The geographic representation of this market-ordered space is best exemplified in Ernest Burgess’ concentric circles model of urban development (1925). The model provided one of the earliest, and most iconic, representations of the spatial configuration of American cities. Burgess observed that different land uses radiated out of the city center in a series of concentric circles closely related to property values. At the center of the city lay the central business district, ringed by factories and progressively nicer residential housing. Immigrants tended to settle in the inner ring, or “zone in transition,” because it was proximate to heavy industry and contained low-rent, dilapidated housing. As a particular immigrant group gained U.S. experience and moved up the socio-economic ladder they would move outward to subsequent rings of modest working class homes and the suburban periphery, and the next wave of immigrants would enter the zone of transition.
This model was expanded upon by subsequent Chicago School theorists such as Zorbaugh and Hoyt, among others, who elaborated on how natural boundaries such as railroad tracks and sectors of development shaped urban land uses (Hoyt, 1939; Zorbaugh, 1926). Homer Hoyt in particular noted the tendency for cities to grow in a star-shaped manner in association with highways and other venues of transportation radiating from the center. Harris and Ullman (1945), recognizing considerable variation across metropolitan areas, argued that cities often contained multiple nuclei that emerge in connection with land use patterns and social and historical forces.
For understanding the experience of immigrants, though, the emphasis on neighborhoods and neighborhood succession provided concrete and empirically identifiable connections between the spatial configuration of cities and residents’ socioeconomic position. The free market and integrationist underpinnings of the classical Chicago School, however, came seriously into question during the 1960s and 1970s, a period marked by racial and ethnic conflict, urban rioting, deindustrialization, and fiscal crises.

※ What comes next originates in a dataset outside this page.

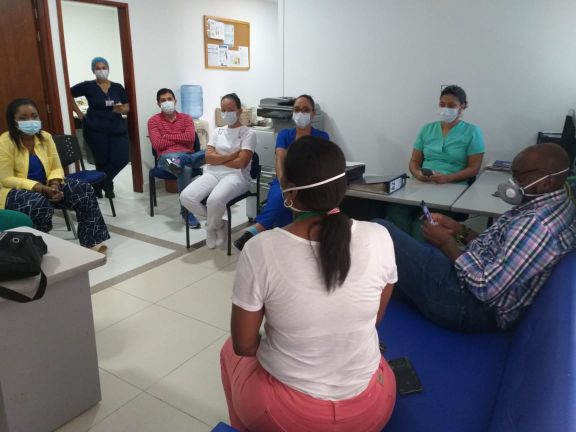 Alcalde evidenciÃ³ atenciÃ³n de casos sospechosos en la clÃ­nica Santa SofÃ­a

Influenced by a Marxian political economy perspective, a new wave of urban scholars argued that the urban system was not a product of natural forces but rather the spatial manifestation of inequalities embedded within capitalist forms of social relations (Castells 1977;Lefebvre 1991; McQuarrie and Marwell 2009). Cities were situated within a hierarchical global system that shaped the accumulation, circulation, and distribution of both capital and labor. The position of immigrants within cities was not merely a derivative of their socioeconomic endowments but instead directly connected to their particular role in global capitalist development. The end product was more explicit attention to the role of political processes, power elites, and class conflict in shaping the urban landscape.

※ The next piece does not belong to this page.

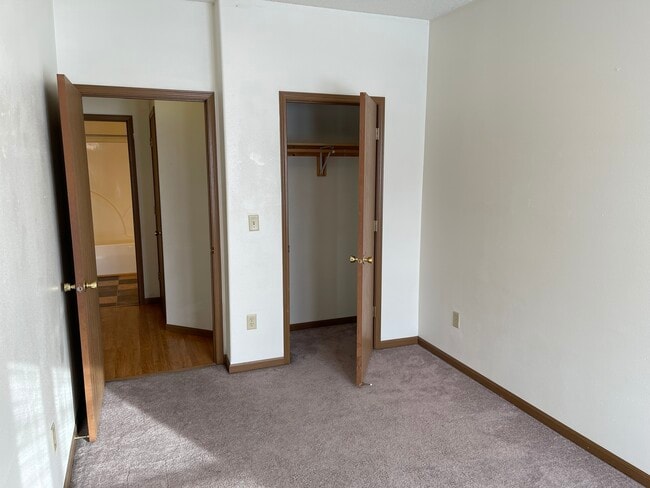 Building Photo - 417 S Gilbert St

While the Chicago School and political economy approach clashed over the forces shaping urban settlement patterns, their arguments about the formation and evolution of immigrant communities were not completely incompatible (McQuarrie and Marwell 2009). In fact, there have been many attempts to bridge the two perspectives. Rather than moving away from the spatial processes described by the Chicago School these integrated approaches highlighted the structural processes, such as racial inequality in the housing market or differential capital investments that undergird observed patterns of spatial differentiation (Logan & Molotch 1987).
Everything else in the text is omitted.